From the line containing "Theresa - brunette" down to the line containing "白银球场翻新维修补、球场翻新修补改造", copy out the entries below exactly, both lines included, and nothing else; pictures do not belong in the copy.
(Supplied entries)
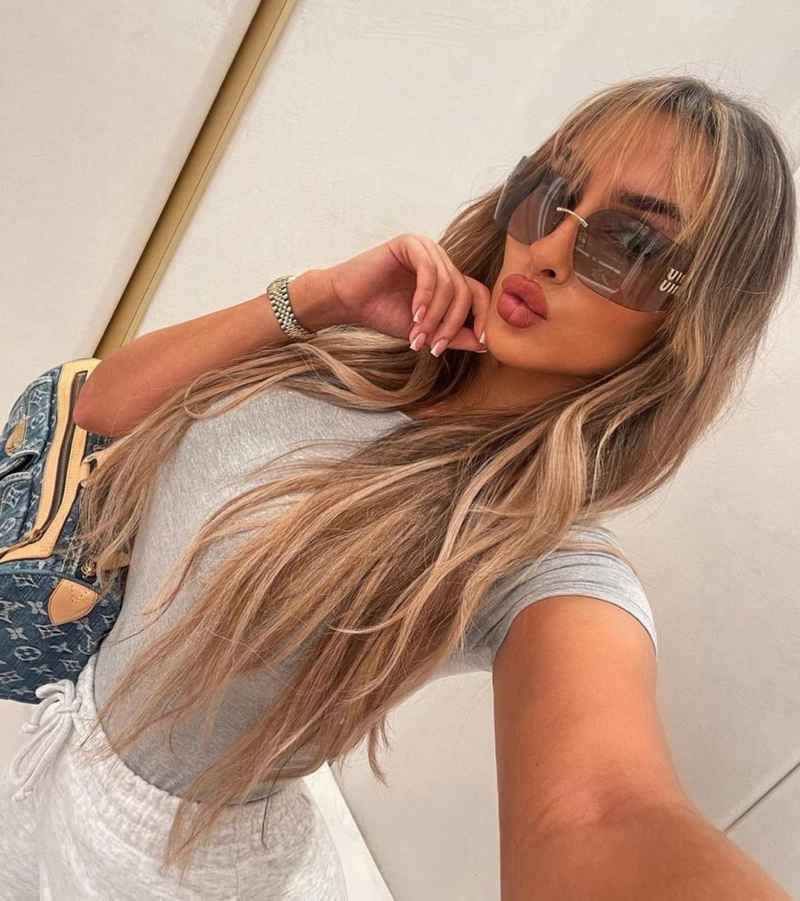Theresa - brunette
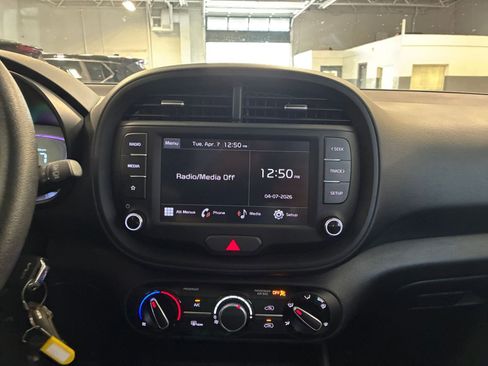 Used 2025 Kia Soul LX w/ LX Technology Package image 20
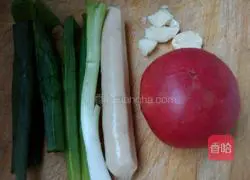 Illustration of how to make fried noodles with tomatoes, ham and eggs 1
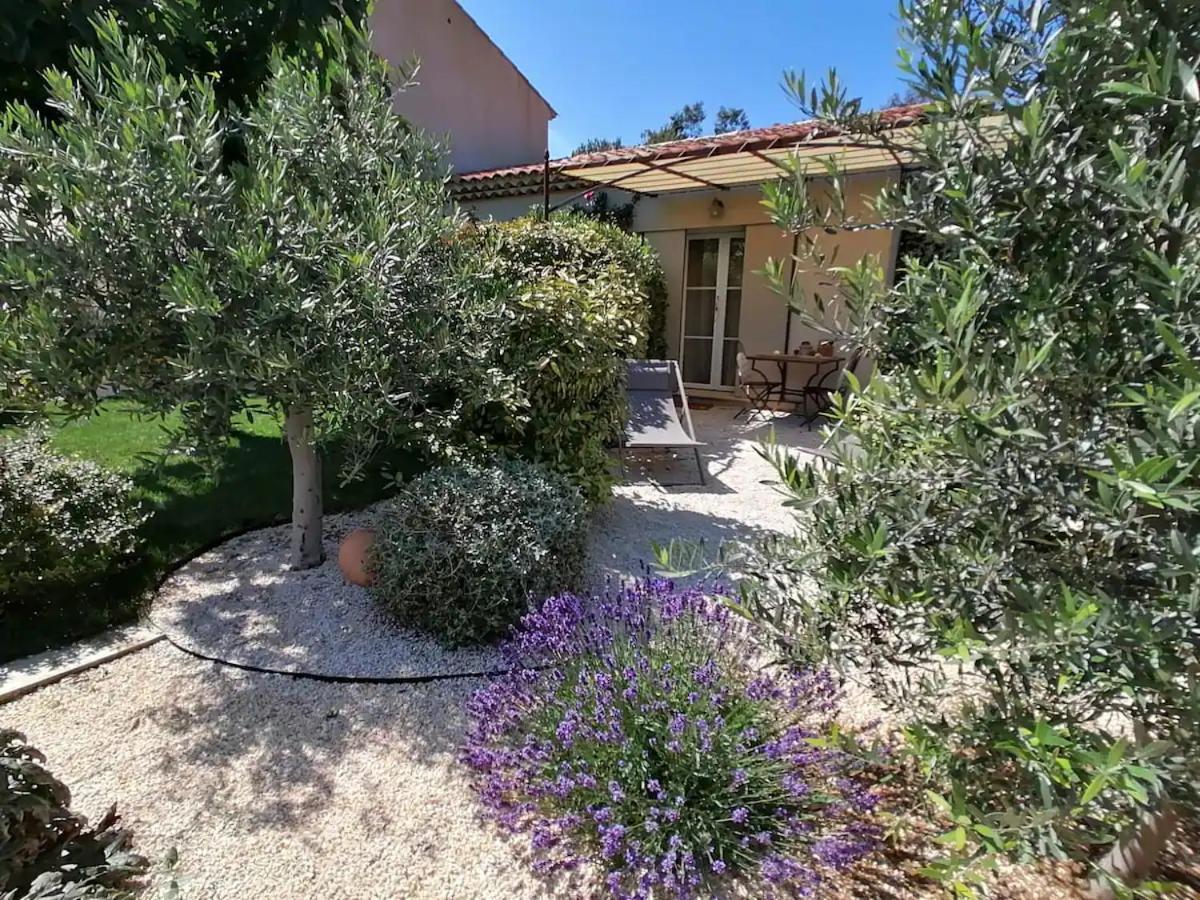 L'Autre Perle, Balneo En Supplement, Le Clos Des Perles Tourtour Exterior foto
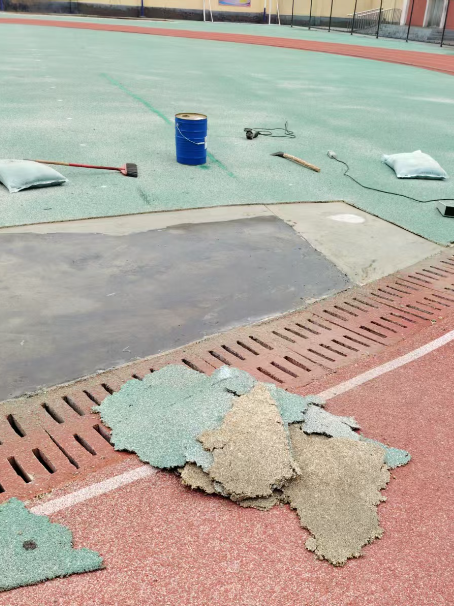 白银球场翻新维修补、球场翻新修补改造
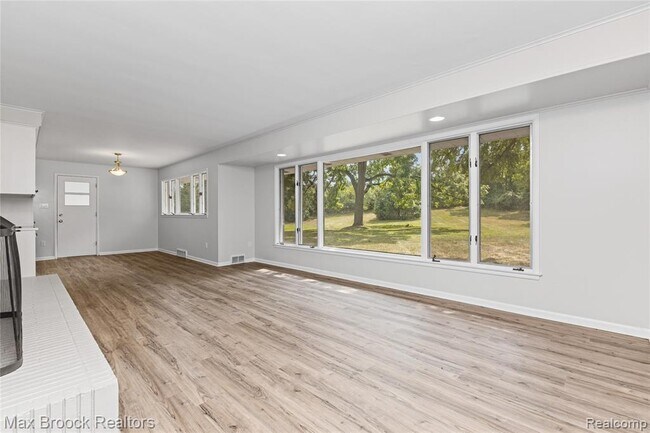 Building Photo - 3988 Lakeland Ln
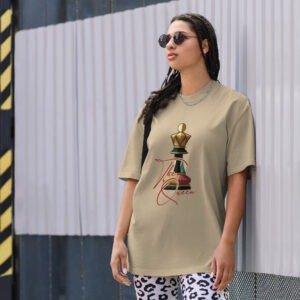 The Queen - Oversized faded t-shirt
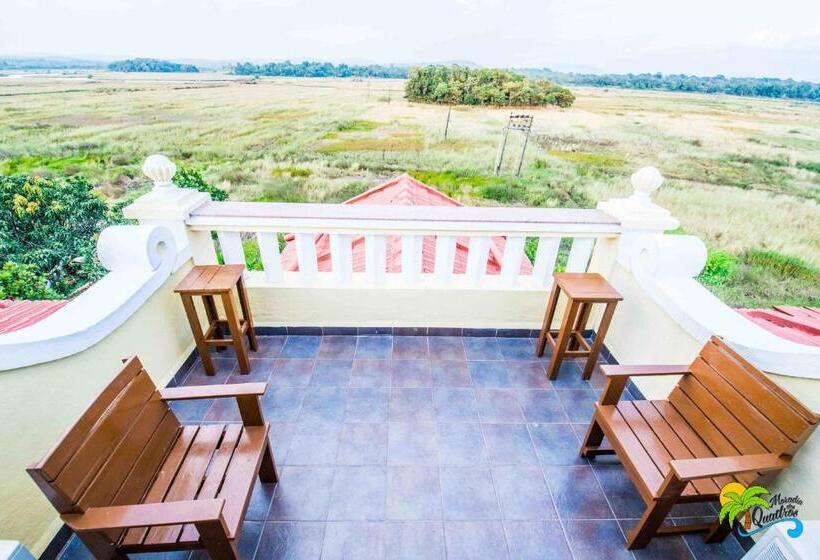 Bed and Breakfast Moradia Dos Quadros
(End Supplied entries)
(Supplied entries)
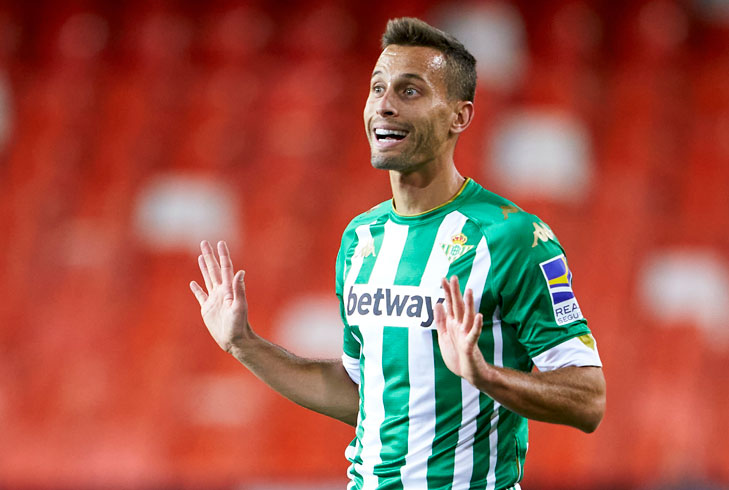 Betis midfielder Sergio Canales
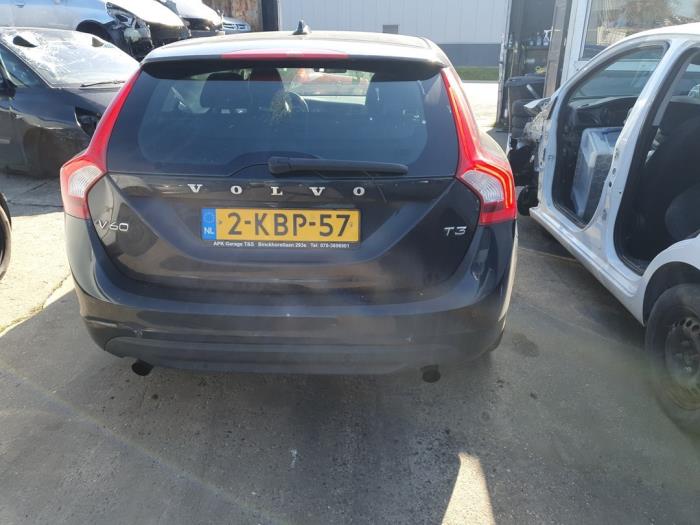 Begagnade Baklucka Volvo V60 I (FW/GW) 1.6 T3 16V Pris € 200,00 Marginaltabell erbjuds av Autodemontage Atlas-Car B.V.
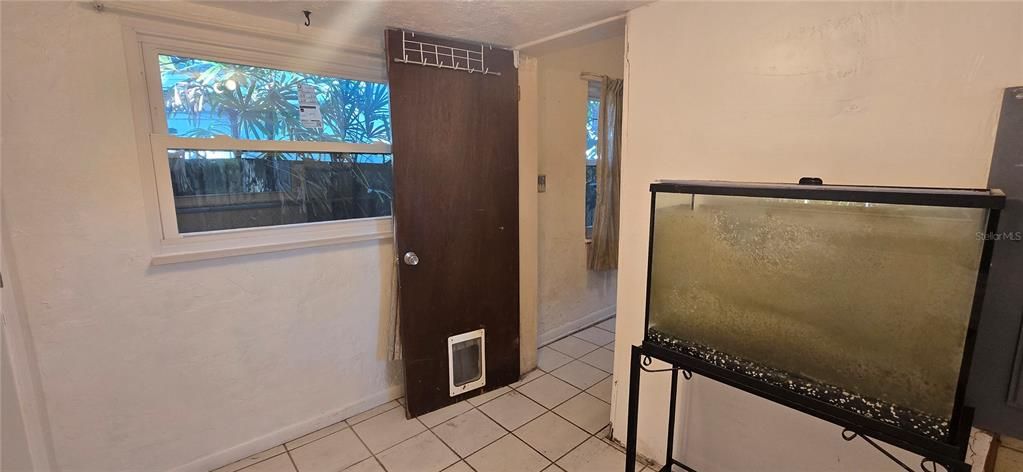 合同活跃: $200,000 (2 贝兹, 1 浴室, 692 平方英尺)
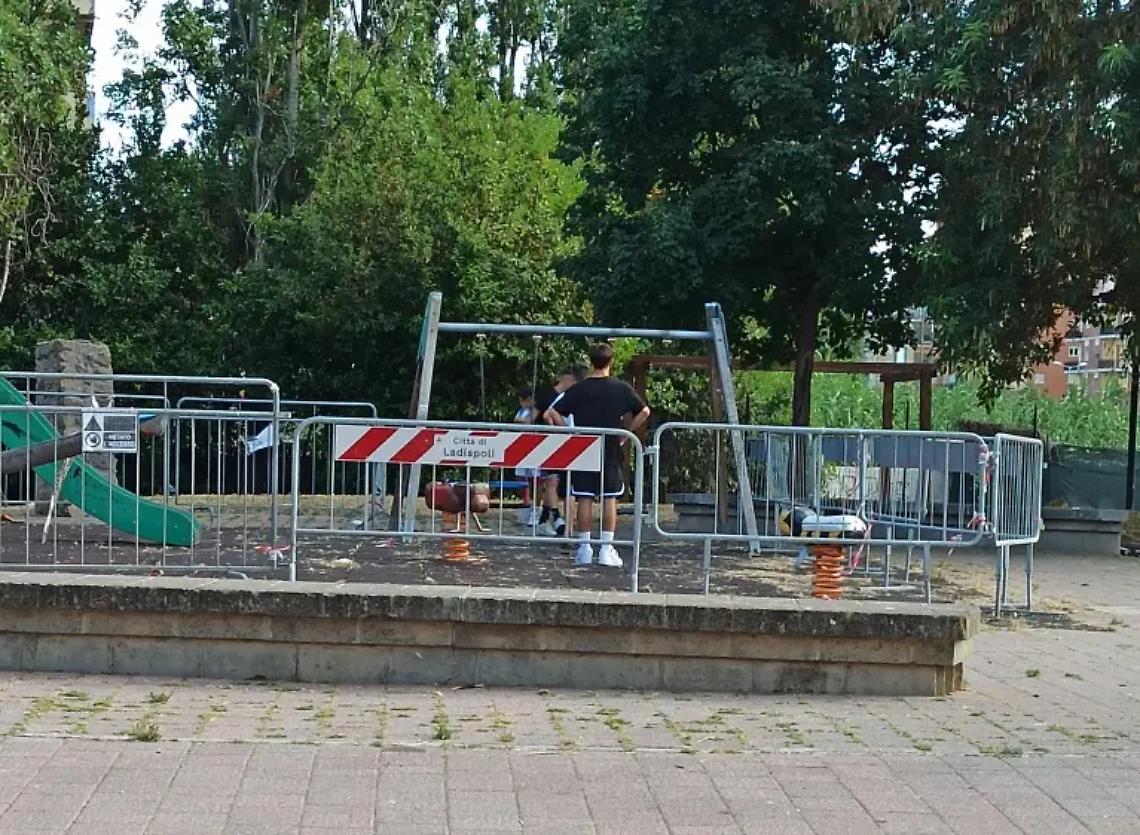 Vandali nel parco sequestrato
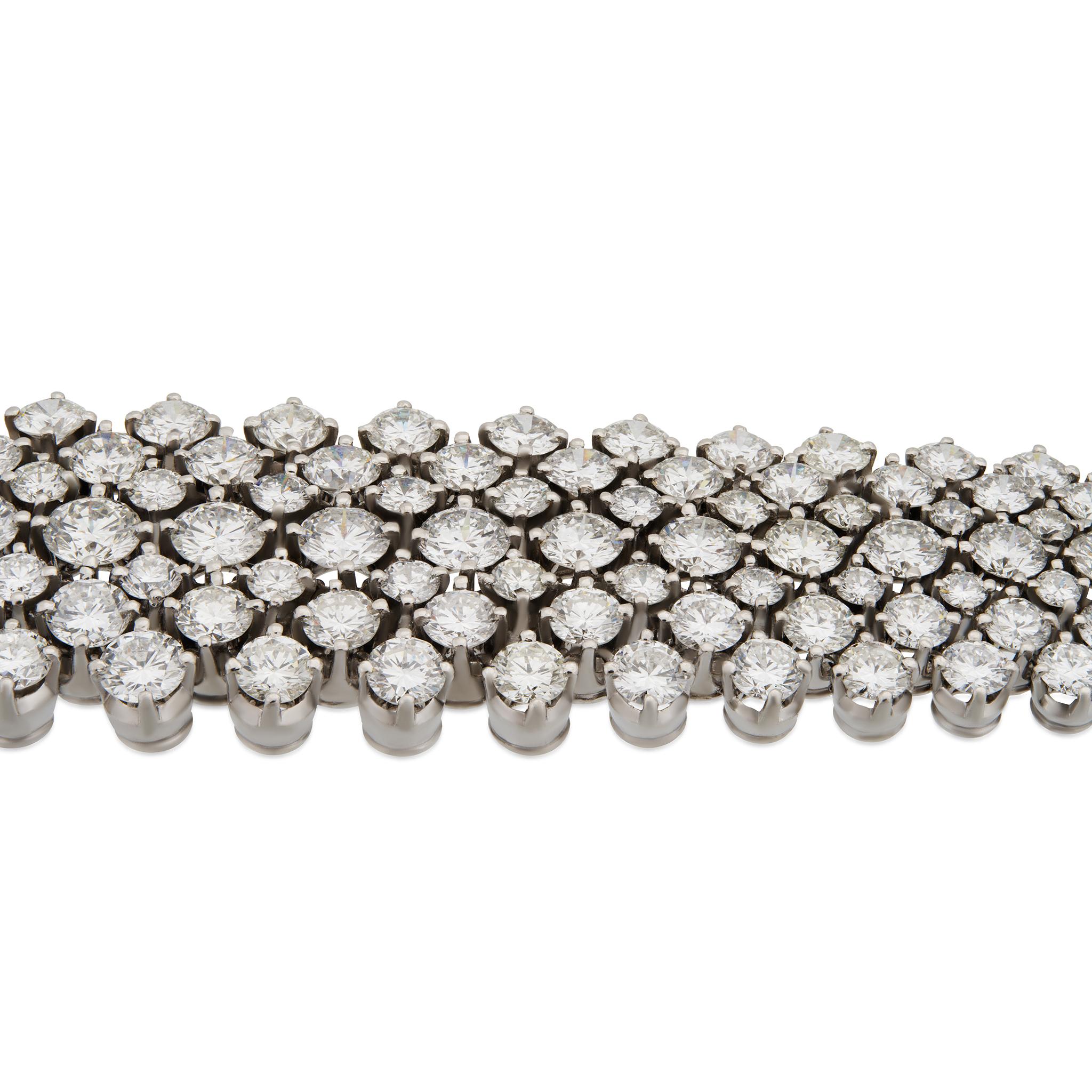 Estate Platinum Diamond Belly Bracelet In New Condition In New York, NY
(End Supplied entries)
## [Result of this exercise]
Theresa - brunette
 Used 2025 Kia Soul LX w/ LX Technology Package image 20
 Illustration of how to make fried noodles with tomatoes, ham and eggs 1
 L'Autre Perle, Balneo En Supplement, Le Clos Des Perles Tourtour Exterior foto
 白银球场翻新维修补、球场翻新修补改造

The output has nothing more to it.